TEL AVIV – Jewish leaders in the U.S. have slammed Qatar’s attempts to woo the Jewish community by arranging meetings this week with high-level officials – including the emir and crown prince himself – on the basis that the Gulf state continues to be the chief backer of Palestinian terrorist group Hamas.
Qatar has reached out to several American Jewish leaders to ask if they would like to meet Sheikh Tamim bin Hamad Al Thani and other member of the ruling family on the sidelines of the UN General Assembly in New York next week.
However, some heads of Jewish groups have rebuffed the Gulf state’s overtures over its heavy ties with Hamas and have urged other leaders to do the same.
Judea Pearl, a Chancellor’s Professor at UCLA and the president of the Daniel Pearl Foundation, told the Algemeiner on Wednesday that he urged “Jewish leaders to refrain from meeting the emir of Qatar, and thus bestow credibility onto a country that has served as the hub of terrorism-breeding ideology in the past two decades.”
Pearl went on to recount how his late son, Daniel, a senior Wall Street Journal reporter who was kidnapped and then murdered by Islamist terrorists in Pakistan in 2002, had interviewed the Muslim Brotherhood’s top cleric, Sheikh Yusuf al-Qaradawi, an Egyptian living in exile in Qatar, one month after 9/11 happened.
“That was when the sheikh first proclaimed the idea that Israeli citizens are legitimate targets of terrorism, because ‘Israeli society is generally armed,’” Pearl said. “Three months later, Daniel fell victim to Qaradawi’s ideas.”
Pearl decried Qatar for providing “shelter and unlimited support to Qaradawi,” who also has a wildly popular TV show on Sharia law broadcast on the Qatari-funded Al Jazeera network.
He added that if the emir and crown prince truly “seeks to improve the tarnished image of his country, let him address two issues that are currently of major concern to the Jewish community: Let him declare the jihadi ideology of Al Jazeera unacceptable, and let him proclaim Qaradawi’s Zionophobia a form of racism.”
Qatar is the single largest donor to Hamas-run Gaza, pledging at least $1.4 billion over the past three years.
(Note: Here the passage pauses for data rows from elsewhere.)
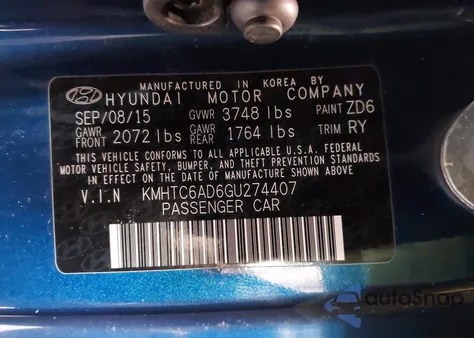 2016 Hyundai Veloster from USA, damaged, VIN KMHTC6AD6GU274407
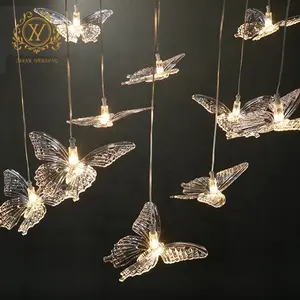 Lámpara colgante de mariposa acrílica transparente, luz de techo de 10 cabezales para decoración de fondo de escenario de boda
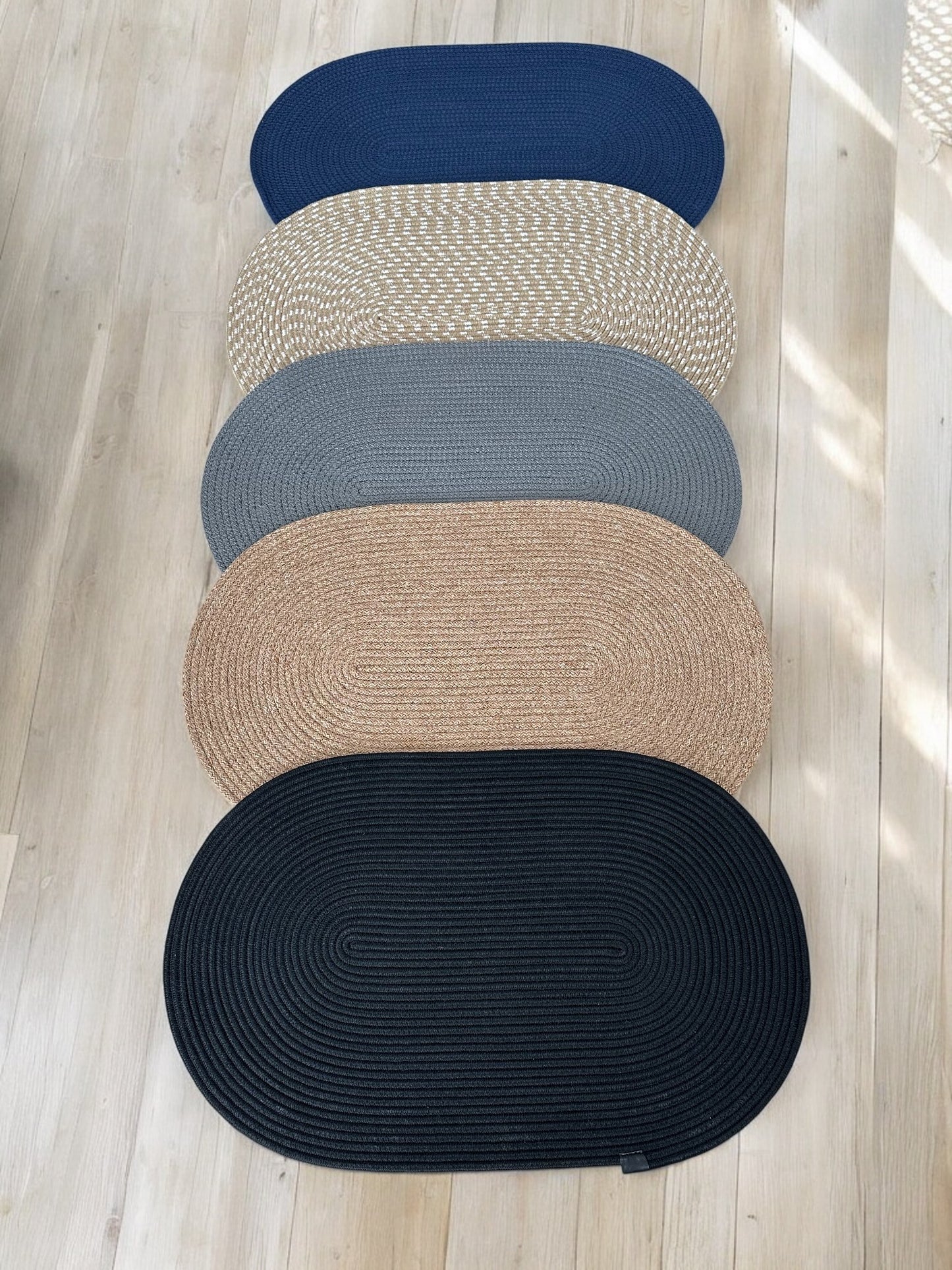 Custom Made Oval Rope Doormat - Jute, Double-Sided Front Door Mat, Colorful Indoor Rug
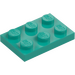 LEGO Donker turquoise Plaat 2 x 3 (3021)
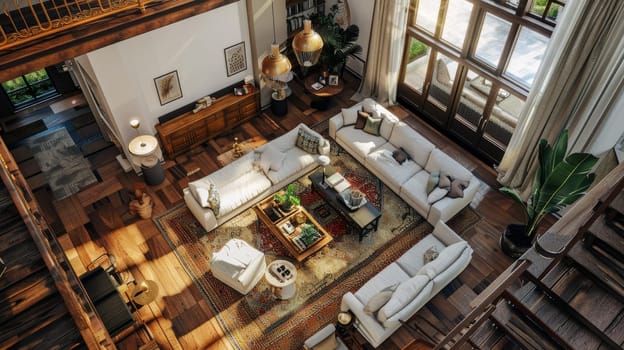 Bird's-eye perspective showcasing the elegance and sophistication of interior design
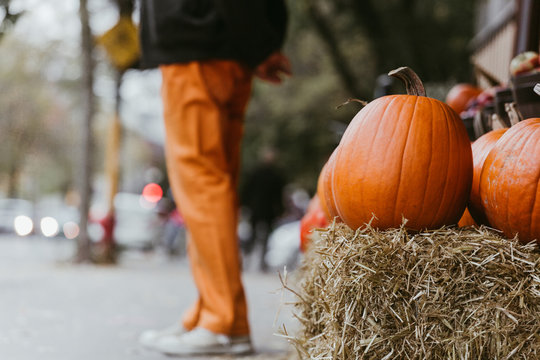 Pumpkins for Halloween at the Grocery Store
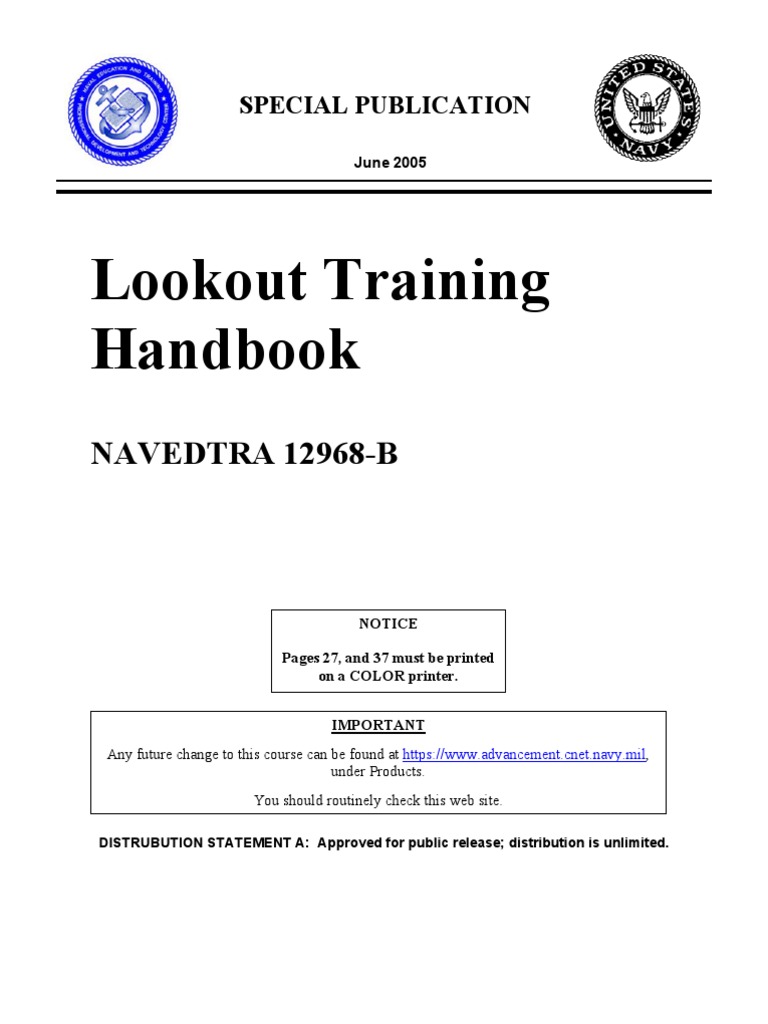 US Navy Course - Lookout Training Handbook | PDF | Horizon | Eye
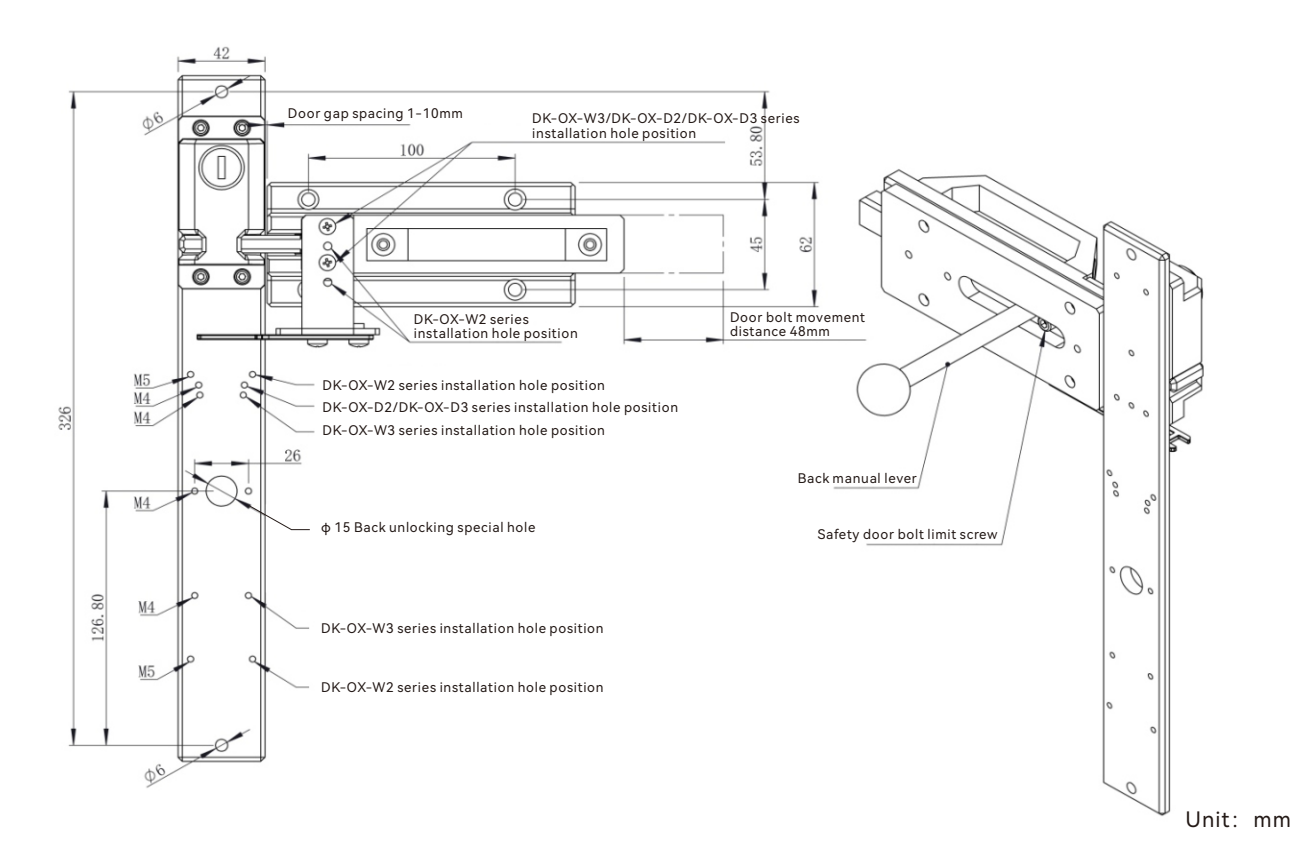 Safety door switch installation dimensions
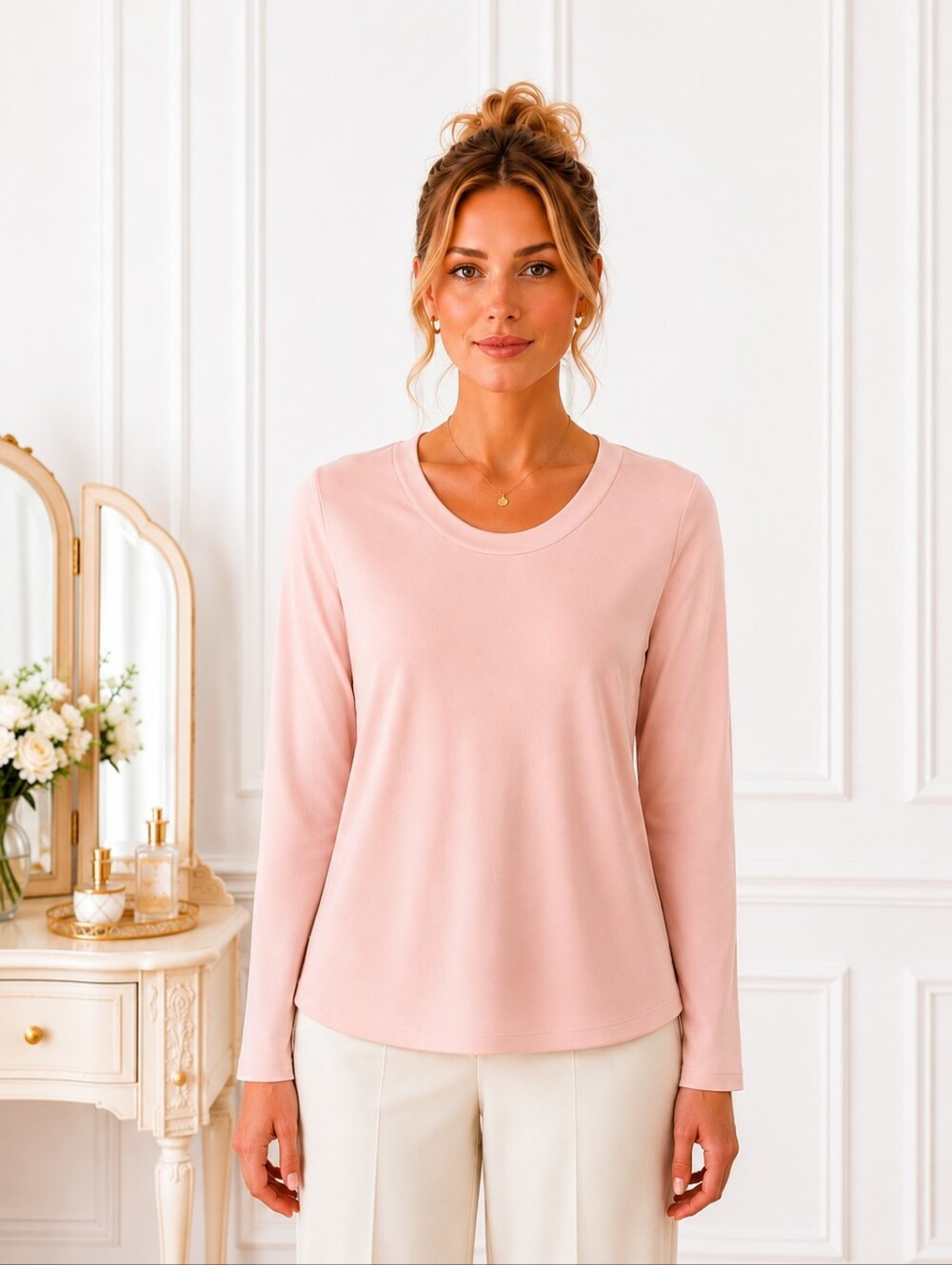 J.Jill | Soft Pink Long Sleeve Knit Blouse | Size Small | Excellent Condition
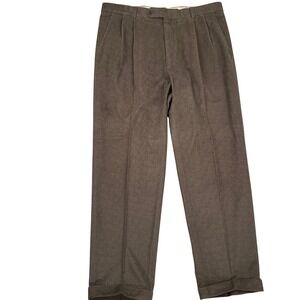 Ballin Relax Dress Pants Mens 37W 32L Brown Check Plush Microfiber Trousers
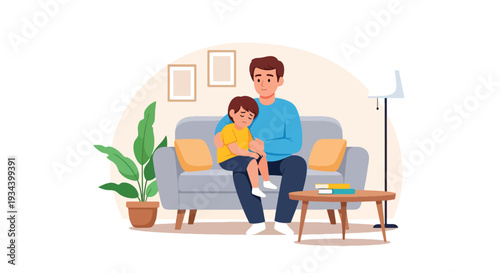 Modern vector illustration of father comforting sad child sitting on sofa at home. Emotional support, empathy and healthy parenting concept for family bonding and child mental wellbeing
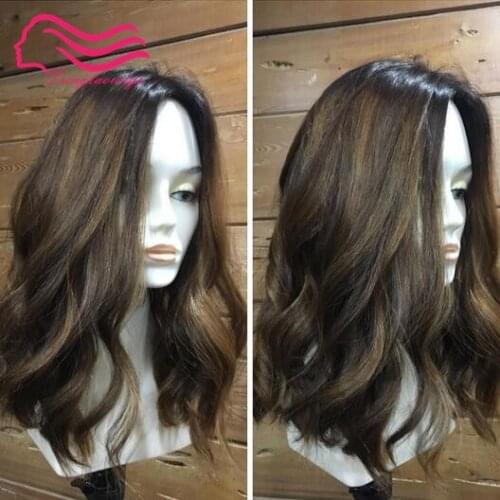 Tsingtaowigs Custom made certify 16inch color 6 with highlite #12 , kosher wig , jewish wig unprocessed free shipping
The natural gas-rich country has also served to harbor several senior Hamas terrorists and is often used as a base to raise funds and plan attacks against Israelis.
On Tuesday, President of the Zionist Organization of America (ZOA) Morton Klein said he had refused an invitation to meet with Qatari officials.
“It looks very much like this is a public relations attempt to moderate Qatar’s image as a country that supports and funds terrorism,” he said.
Klein also said “it’s wrong to meet with them without seeing that they’ve made serious movement toward reform and change. They need to stop funding Hamas. They need to change the format of Al Jazeera, their TV station, which incites against Israel.”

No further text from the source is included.